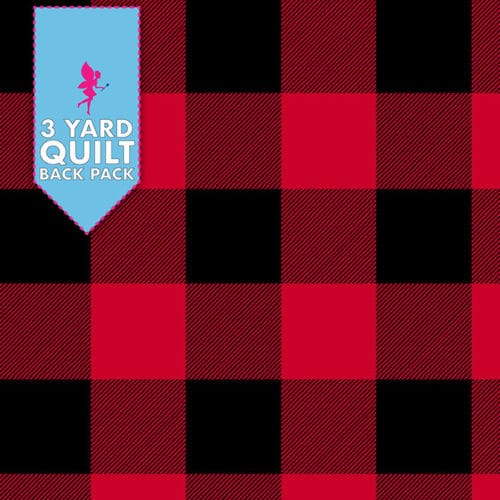 Image of Red Buffalo Plaid 108" Wide 3 Yard Quilt Fabric Back Pack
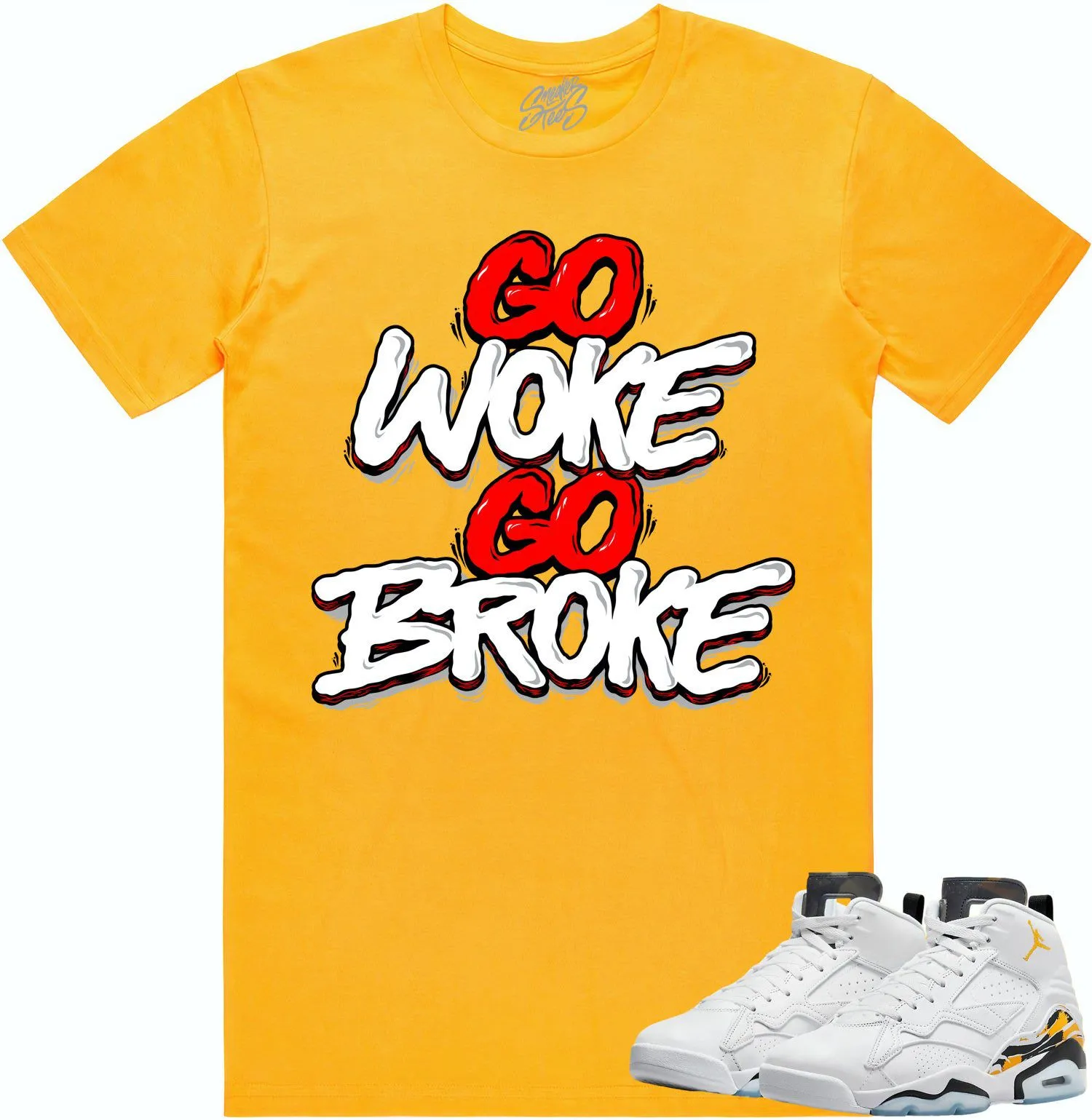 Jordan MVP 678 Yellow Ochre Shirt to Match - RED GO WOKE GO BROKE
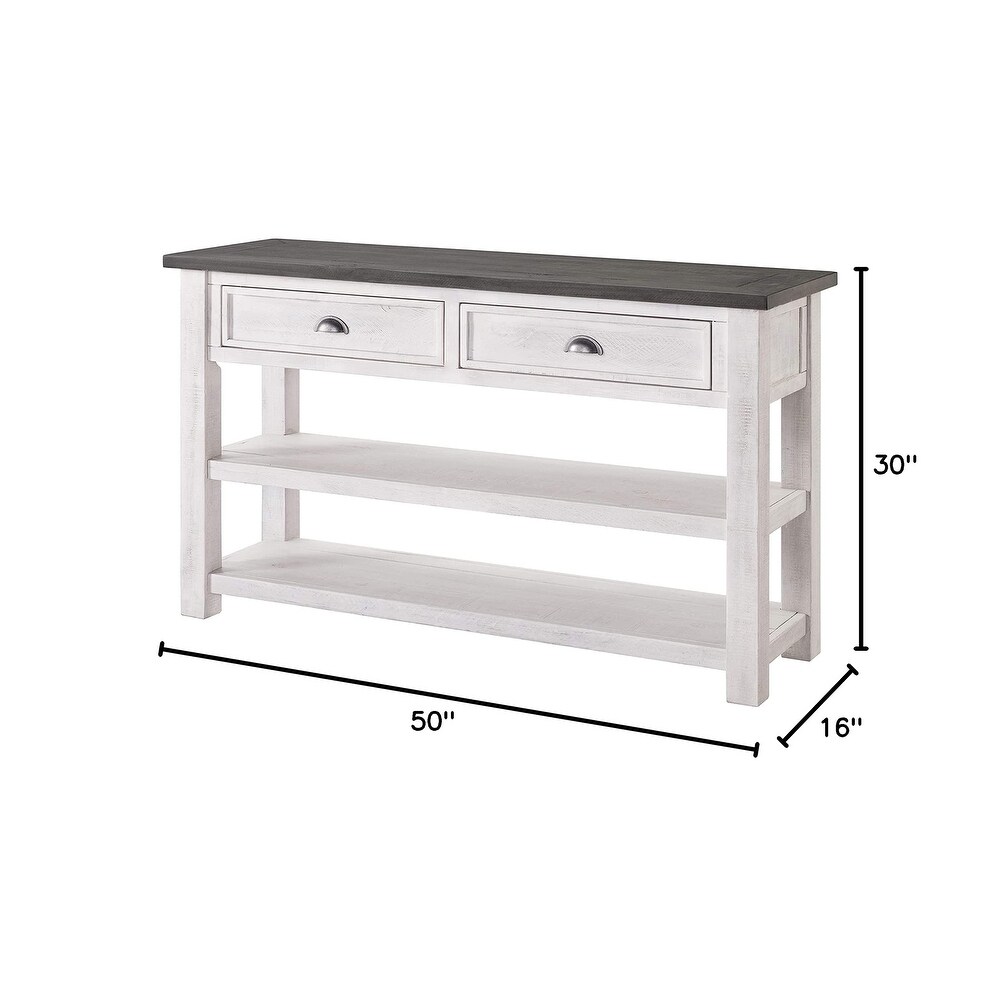 Monterey Solid Wood Sofa Console Table White with Grey Top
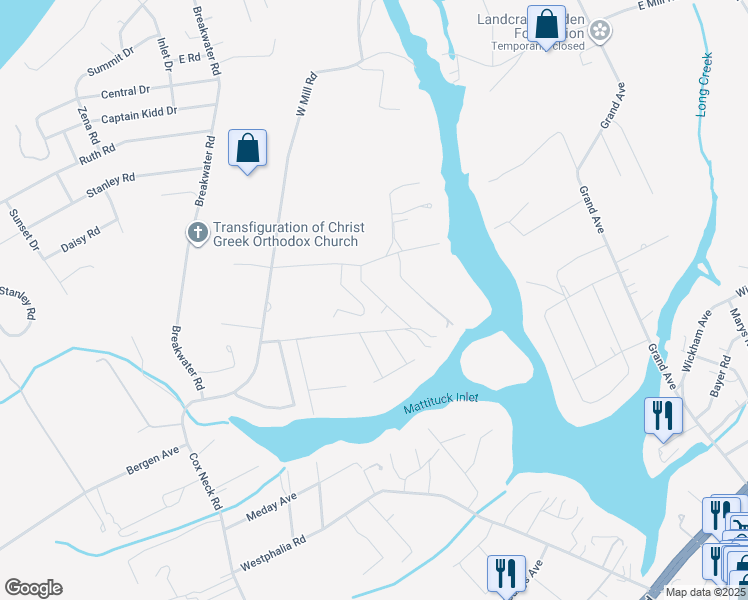 map of restaurants, bars, coffee shops, grocery stores, and more near 520 Cedar Drive in Mattituck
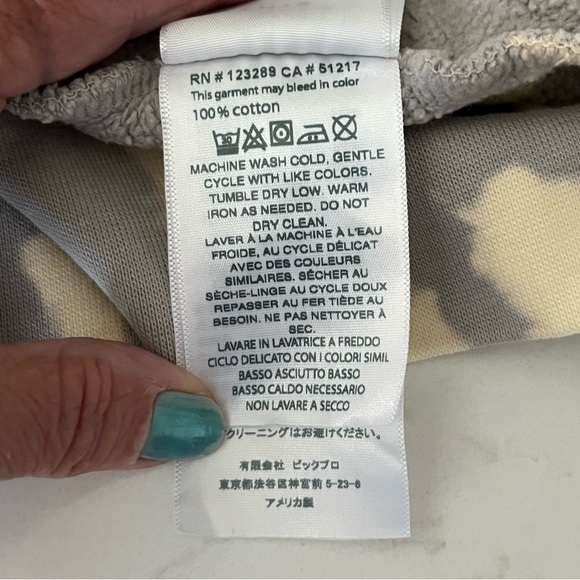 Les Tien Tie Dyed Crew Neck Sweatshirt Sage & Butter Medium - Picture 8 of 9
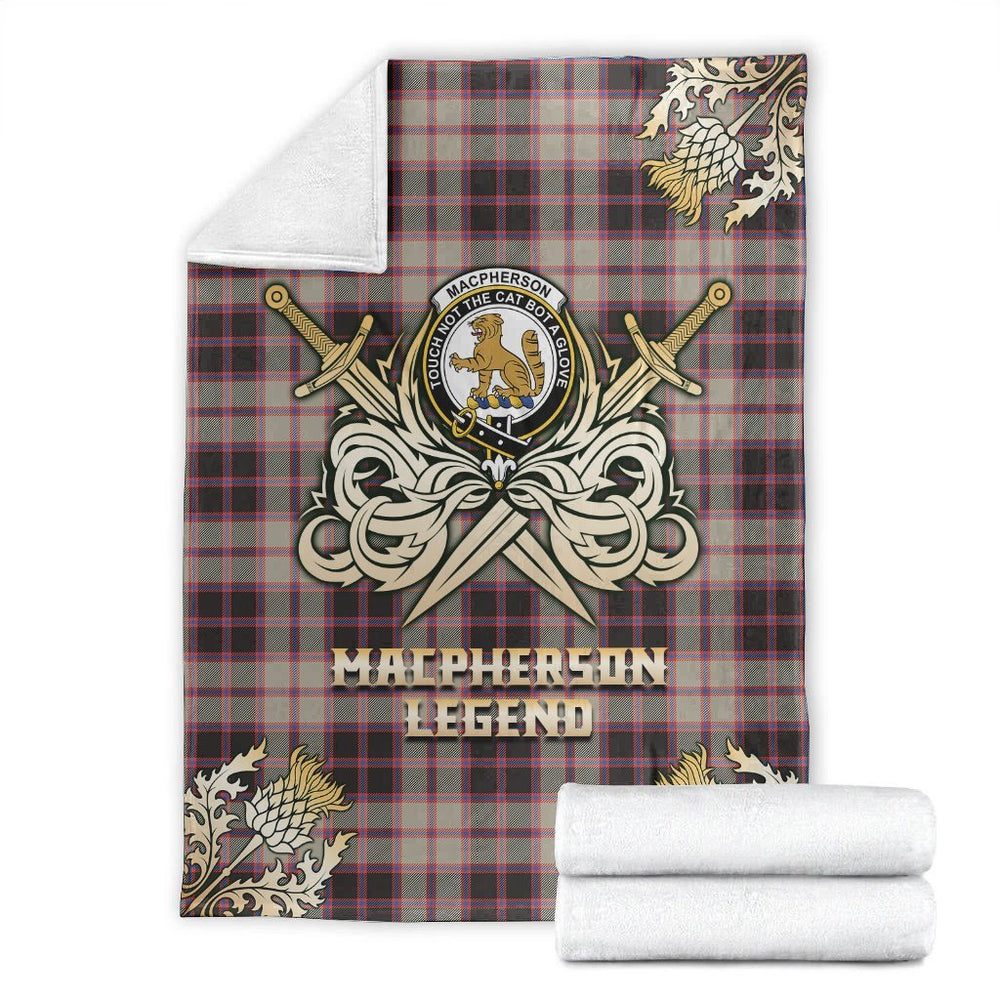 Clan MacPherson Hunting Ancient Tartan Gold Courage Symbol Blanket BP17 Clan MacPherson Tartan Today   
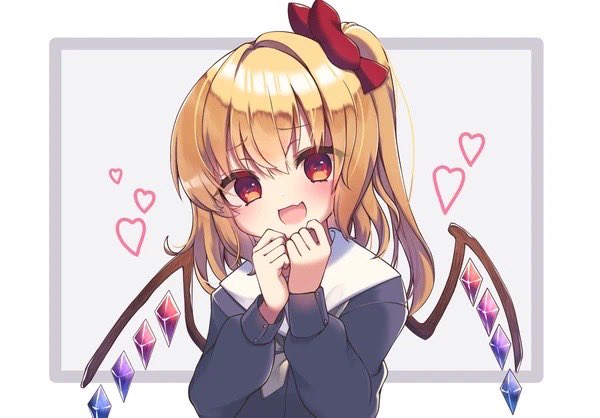 flandre scarlet 1girl solo blonde hair wings crystal red eyes open mouth  illustration images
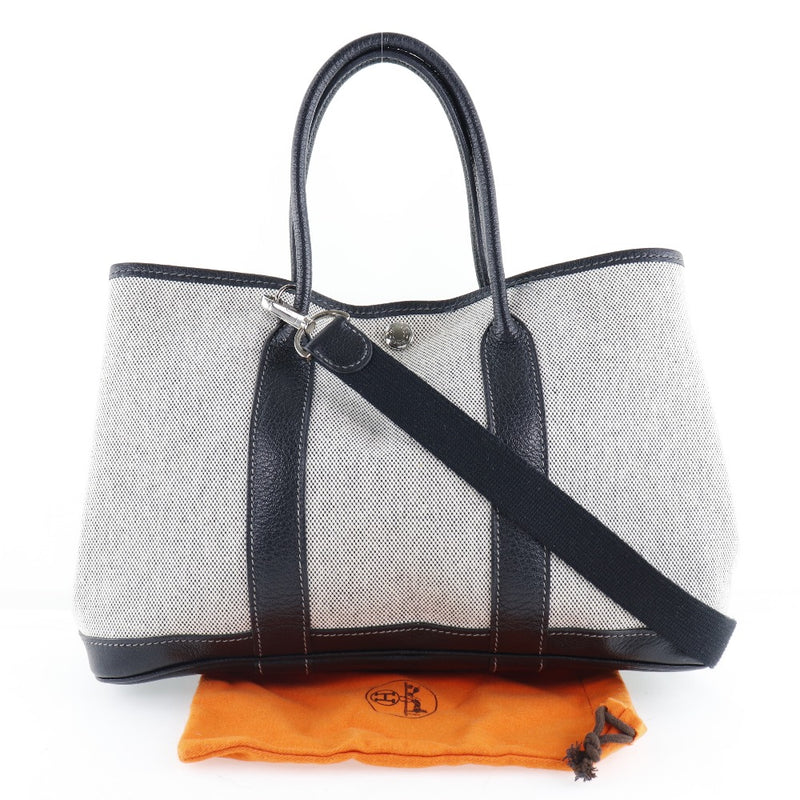 [HERMES] Hermes Garden Party TPM Towal Ish x Calf Black/Gray □ H -engraved Ladies Handbag A Rank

========================================

*Task to complete*
Quote exactly, and nothing besides, the lines from the one with "Jordan MVP 678" through the end of the records above; include both ends and omit the pictures.

*Answer box*
 Jordan MVP 678 Yellow Ochre Shirt to Match - RED GO WOKE GO BROKE
 Monterey Solid Wood Sofa Console Table White with Grey Top
 map of restaurants, bars, coffee shops, grocery stores, and more near 520 Cedar Drive in Mattituck
 Les Tien Tie Dyed Crew Neck Sweatshirt Sage & Butter Medium - Picture 8 of 9
 Clan MacPherson Hunting Ancient Tartan Gold Courage Symbol Blanket BP17 Clan MacPherson Tartan Today   
 flandre scarlet 1girl solo blonde hair wings crystal red eyes open mouth  illustration images
 [HERMES] Hermes Garden Party TPM Towal Ish x Calf Black/Gray □ H -engraved Ladies Handbag A Rank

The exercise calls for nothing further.